* **ASSIGNED TASK**: For the data below, work out how many lines include the string "Black" and report only the number.

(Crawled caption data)
++++++

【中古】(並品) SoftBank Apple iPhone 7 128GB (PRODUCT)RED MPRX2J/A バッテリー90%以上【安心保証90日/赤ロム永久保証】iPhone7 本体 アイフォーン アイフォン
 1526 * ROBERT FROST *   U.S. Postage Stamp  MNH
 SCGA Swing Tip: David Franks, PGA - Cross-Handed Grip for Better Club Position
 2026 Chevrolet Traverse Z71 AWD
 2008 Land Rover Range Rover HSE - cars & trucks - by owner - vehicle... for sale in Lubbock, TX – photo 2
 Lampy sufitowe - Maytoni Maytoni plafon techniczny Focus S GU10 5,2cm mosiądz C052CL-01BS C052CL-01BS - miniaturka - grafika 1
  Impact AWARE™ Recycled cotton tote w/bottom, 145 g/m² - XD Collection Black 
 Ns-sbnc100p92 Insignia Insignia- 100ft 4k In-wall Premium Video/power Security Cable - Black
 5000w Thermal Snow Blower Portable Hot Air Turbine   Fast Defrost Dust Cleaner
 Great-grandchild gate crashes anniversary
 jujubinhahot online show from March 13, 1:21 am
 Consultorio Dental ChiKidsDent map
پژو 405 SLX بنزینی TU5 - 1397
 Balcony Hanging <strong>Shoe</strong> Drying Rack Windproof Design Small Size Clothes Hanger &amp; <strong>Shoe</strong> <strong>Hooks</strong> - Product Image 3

++++++

* **RESULT**: 2